Not long ago, I wanted to better understand the notions of “deeply” and “shallowly” embedded languages. Here I mean “embedded” in the sense of, say, “domain-specific language embedded in Haskell”, although it doesn’t actually matter to me what the host language is, or whether the embedded language is “domain-specific”.

My understanding of the difference had been something like this:

  • A shallow embedding involves piggybacking on the ASTs of the host language. A program in the embedded language consists of calls to functions that the author of the embedded language has defined, and the host language’s ASTs are the only ASTs that there are.

  • In a deep embedding, the author of the embedded language comes up with their own AST type. A program in the embedded language gets parsed into an AST that, while being a host-language data structure, may or may not be wildly different from the host language’s ASTs.1

I asked a few colleagues from IU if they thought this understanding was more or less correct, and although nobody exactly said “no”, the distinction between deep and shallow embeddings took a turn for the much less clear-cut.
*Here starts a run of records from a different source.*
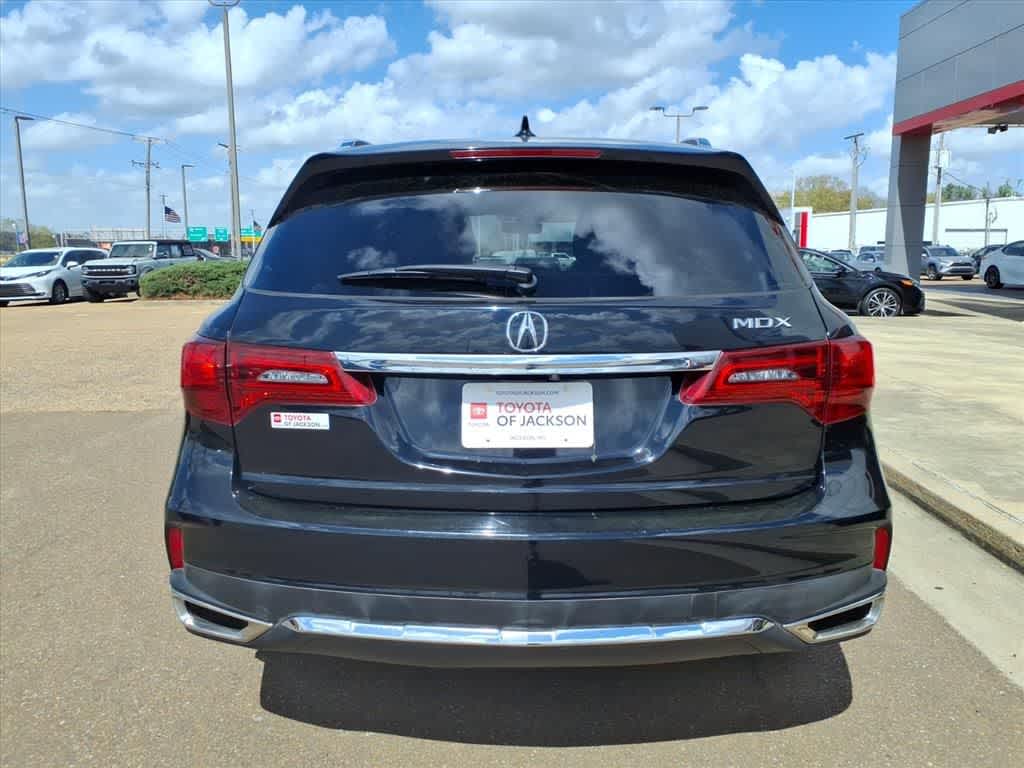 Thumbnail: 2017 Acura MDX - 6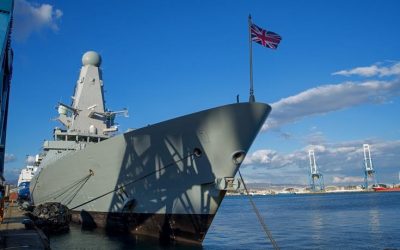Διαψεύδει η Βρετανία τα περί προειδοποιητικών πυρών κατά αντιτορπιλικού από ρωσικό πλοίο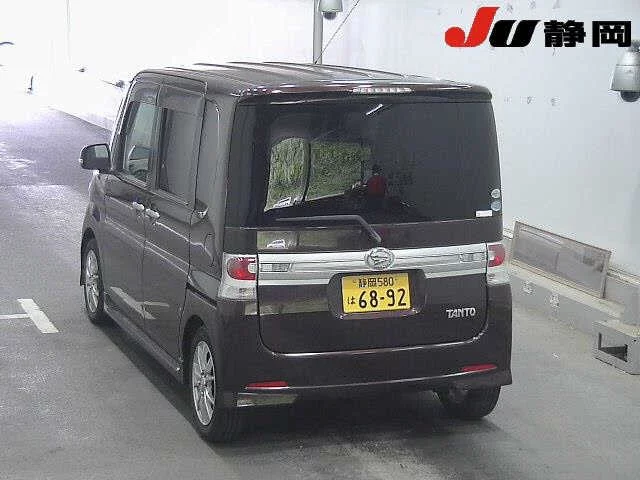Daihatsu Tanto  с аукциона в Японии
Ken Shan wrote:

I think a deep embedding is where a program in the embedded language is represented by a value in the host language. Here “represent” means that, for each operation that I want to perform on programs in the embedded language (such as running them, printing them, compiling them, listing the names of free and bound variables in them), I can write a function in the host language that takes such a value and performs the operation.

This way of looking at things seems a lot more general than the way I’m defining “deep embedding” above. A “value in the host language” could be an AST, but it could also be something else. Ken went on to say:

So, the more operations I want to perform, the fewer embeddings count as deep. If all I want to do is to run the program, then a shallow embedding counts as a deep embedding!

I don’t have a good response to this other than “whooooooa”, but in any case, it seems like the notions of shallow embedding and deep embedding are a lot less distinct than I had thought. Whether a language’s embedding is shallow or deep seems analogous to the question of whether a language is “high-level” or “low-level”. It might be either, depending on where you’re standing and what you want to do.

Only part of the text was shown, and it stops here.